Directed by the marvellous Rebecca Frecknall this production stars the excellent Patsy Ferran as Alma, an unmarried highly-strung minister's daughter who experiences a complicated, transformative romance with John, the wild undisciplined young doctor who grew up next door, played by the equally excellent Matthew Needham.
It's the heat of summer and Alma is trapped between desire and fear in a life of obligation. Her world turns upside down in the search for salvation.
Alma and John's spiritual/sexual romance nearly blossoms a number of times. She, ineffably refined, identifies with the Gothic cathedral, "reaching up to something beyond attainment"; her name, as Williams makes clear during the play, means "soul" in Spanish; whereas John, doctor and sensualist, defies her with the soulless anatomy chart.
As the play progresses, however, John and Alma seem to trade places philosophically. She transforms beyond modesty. She even throws herself at him, saying, "now I have changed my mind, or the girl who said 'no', — she doesn't exist anymore, she died last summer — suffocated in smoke from something on fire inside her.". But he has changed too.
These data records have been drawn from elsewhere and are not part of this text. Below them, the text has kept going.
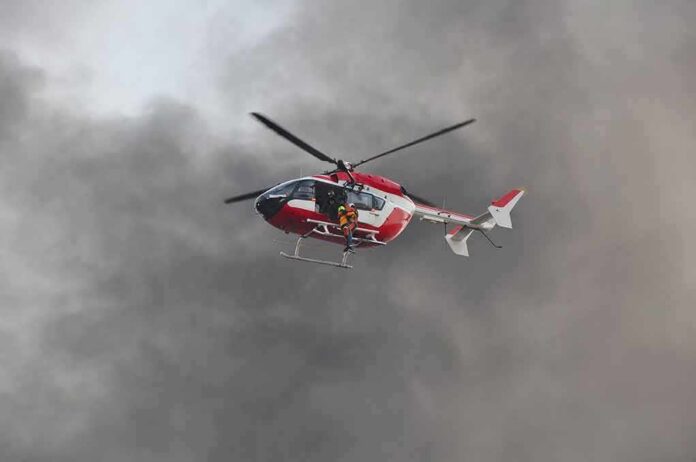 Rescue helicopter hovers amid thick smoke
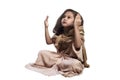 Little asian muslim girl raising hand and praying Royalty Free Stock Photo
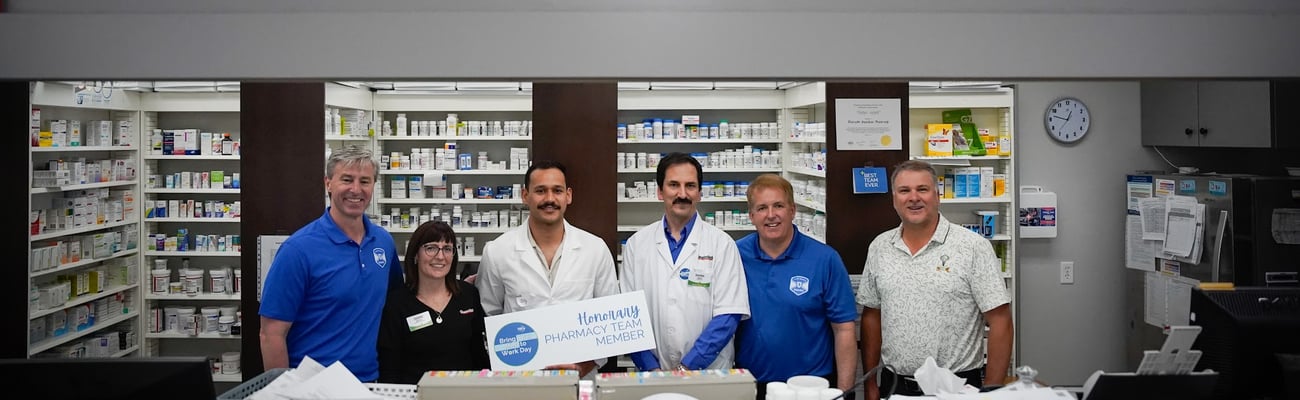 Premier Tim Houston and the Honourable Scott Armstrong with the Guardian Pharmacy team in Stewiacke, NS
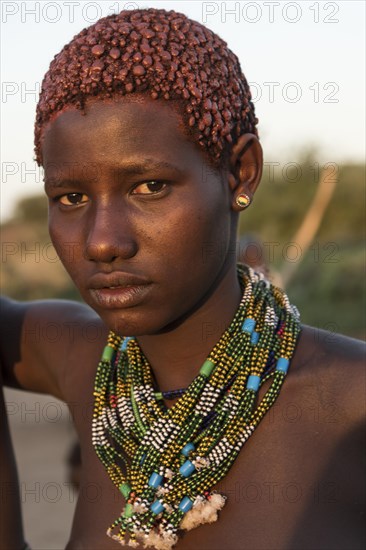 Girl with necklace approx. 16 years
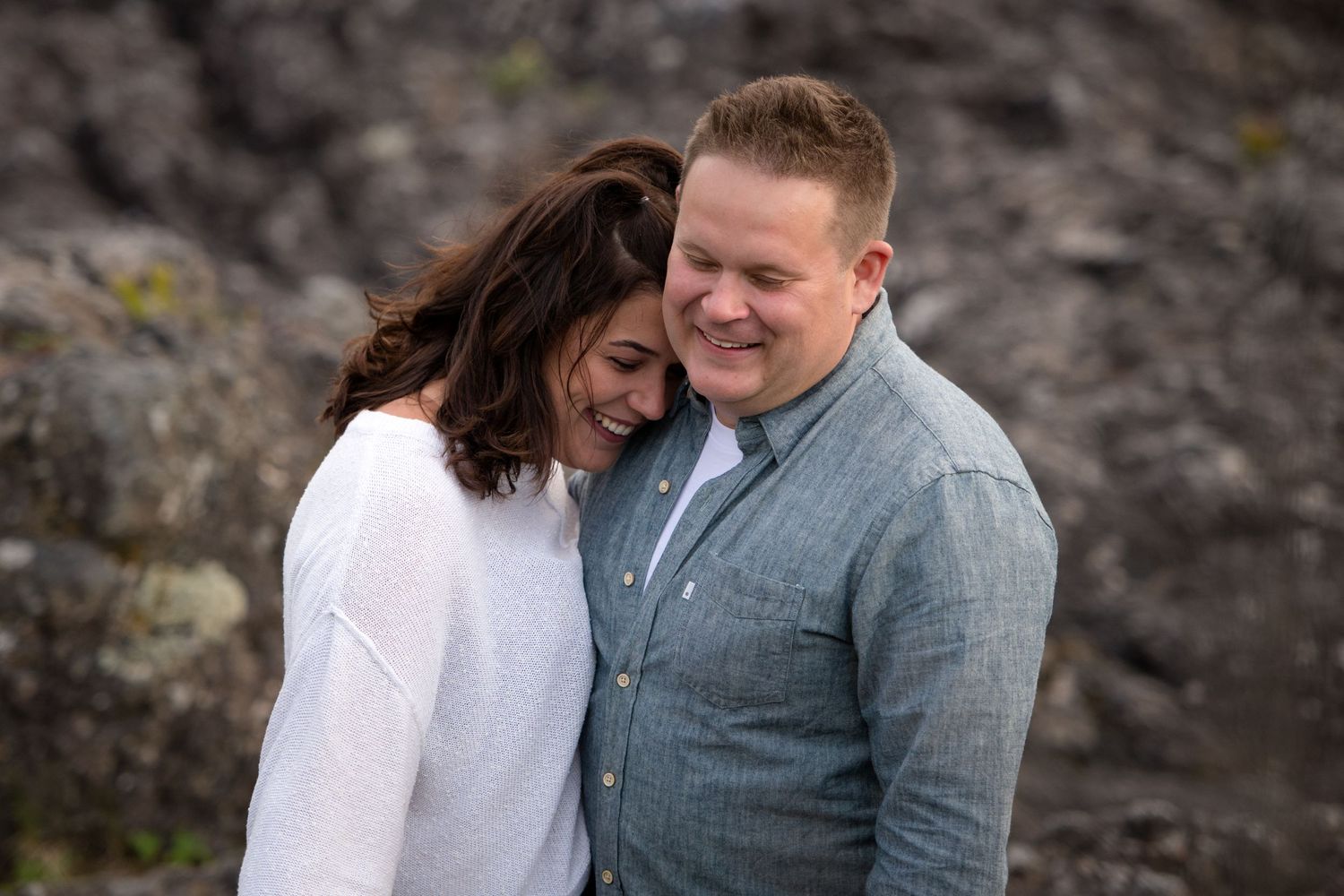 A tender moment between a couple against a backdrop of dark rocky cliffs.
He is engaged to settle down with a respectable, younger girl; and, as he tries to convince Alma that what they had between them was indeed a "spiritual bond", she realises, in any event, that it may be too late. In the latter scenes, Alma accosts a young traveling salesman at dusk in the town park. Will she follow her new-found lusts to enjoy the "after-dark entertainment" at Moon Lake Casino, where she had resisted John's attempt to seduce her the summer before, or will she keep her "soul" pure?
It's a joyous, intoxicating, delicious treat about love, loneliness and self-destruction.
Incidentally the play was made into a film back in 1961 and got four Oscar nods including one for Geraldine Page as Best Actress.